Famille : Orchidaceae
Texte © Prof. Pietro Pavone
Traduction en français par Catherine Collin
Coelogyne cristata Lindl. (1824) est une espèce de la famille Orchidaceae, sous-famille Epidendroideae, tribu Arethuseae, sous-tribu Coelogyninae endémique d’Asie du sud-est.
Elle a principalement été trouvée dans la région de l’Assam (Inde), au Bangladesh, dans l’Himalaya oriental et occidental, au Bhoutan, au Népal et au Tibet.
Elle a aussi été signalée dans les montagnes de Birmanie (Myanmar) et du nord de la Thaïlande mais sans certitude quant à la détermination.
Elle pousse sur les arbres ou sur les roches, souvent dans des endroits ensoleillés, dans les forêts riches en mousses, habituellement de 1600 à 2600 m d’altitude.
En hiver, nombre de ces aires sont recouvertes par le brouillard ou les nuages et la lumière du soleil y est beaucoup plus faible.
Par le passé ses populations étaient particulièrement abondantes autour de Darjeeling, au nord de l’Inde entre le Bhoutan et le Népal.
Sir Joseph Dalton Hooker (1817-1911), explorateur britannique et lui-même botaniste, après son voyage en Antarctique de 1839 à 1843, se rendit en Inde et dans l’Himalaya de 1847 à 1851 afin de récolter des plantes pour les Kew Gardens.
Dans son récit de voyage il note: “Durant la montée vers Darjeeling les troncs droits des arbres à bois sont littéralement revêtus d’un manteau de Coelogyne aux fleurs blanches, qui fleurissent en abondance et blanchissent les troncs comme s’ils étaient couverts de neige”.
Cependant, dans les années suivantes la forte demande en bois de chauffage et de construction pour l’extension de la ville de Darjeeling a conduit à la déforestation de l’ensemble du territoire.
Les plantations de thé, dont le développement a commencé avant le milieu du XIXème siècle, ont aussi participé à l’élimination de la flore spontanée des arbres.
Aujourd’hui, Coelogyne cristata est commercialement protégée et à cette fin inscrite à l’annexe II de la Convention de Washington (CITES) qui a pour but de protéger les espèces animales et végétales menacées d’extinction, interdisant leur exportation et leur détention.
C’est une espèce qui vit dans un environnement assez froid et seulement quelques autres espèces, telles Coelogyne corymbosa Lindl. et Coelogyne stricta (D. Don) Schltr., ont été trouvées à des altitudes supérieures entre 2800 et 3000 mètres où, en hiver, elles sont couvertes de neige et même exposées à un froid intense (gel).

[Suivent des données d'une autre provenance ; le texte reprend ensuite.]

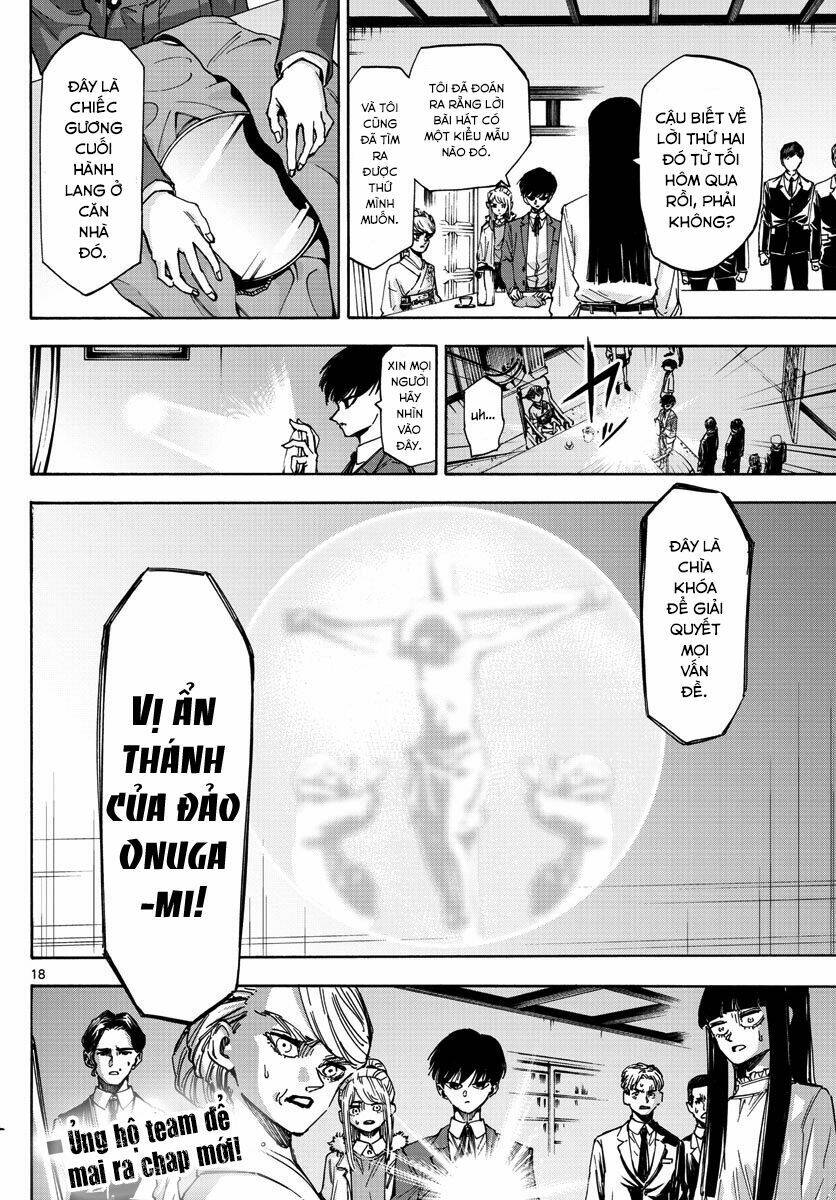 Detective Xeno And The Seven Locked Murder Rooms Chương 33 Ảnh 21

Le genre Coelogyne a été décrit par John Lindley (1799-1865) sur la base d’une plante provenant du Népal qu’il nomma Coelogyne punctulata Lindl.

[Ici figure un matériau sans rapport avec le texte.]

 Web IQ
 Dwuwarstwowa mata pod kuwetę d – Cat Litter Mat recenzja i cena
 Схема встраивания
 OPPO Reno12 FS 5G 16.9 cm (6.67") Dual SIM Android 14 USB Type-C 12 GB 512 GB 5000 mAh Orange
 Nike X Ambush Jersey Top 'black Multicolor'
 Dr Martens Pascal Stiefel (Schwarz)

Ce genre se distingue des autres orchidées similaires par le fait d’avoir le sépale dorsal, au-dessus du labelle, concave, le labelle trilobé, avec les lobes latéraux érigés sur les côtés de la colonne, et 4 ou 5 lamelles (carène) fimbriées s’étendant sur une grande partie du lobe médian.
Son nom vient des mots grecs κοίλος (koílos) “vide, creux” et γῠνή gyné “femme” avec la signification de féminin pour la forme creuse de la partie supérieure du pistil (stigmate).
Coelogyne cristata fut récoltée au Népal par le Dr. Nathaniel Wolff Wallich (1786–1854), qui était à l’époque le directeur du Jardin Botanique de Calcutta et introduite en Angleterre dans les serres des jardins de Chatsworth (Derbyshire), à l’époque considérés comme incomparables pour le nombre d’espèces qui y étaient conservées.
Lindley l’a décrite dans la publication Collectanea botanica (Coll. Bot. 7: sub t. 33 (1821), mais il est à signaler que, bien que la description et la planche 33 correspondante portent la date de 1821, des vérifications au sein de l’œuvre, indiquent qu’elle n’a pas pu être publiée avant 1824.
Le nom d’espèce cristatus fait référence aux ondulations qui se trouvent sur le labelle. Vulgairement, elle est appelée “Reine des neiges, Orchidée de neige à crêtes”.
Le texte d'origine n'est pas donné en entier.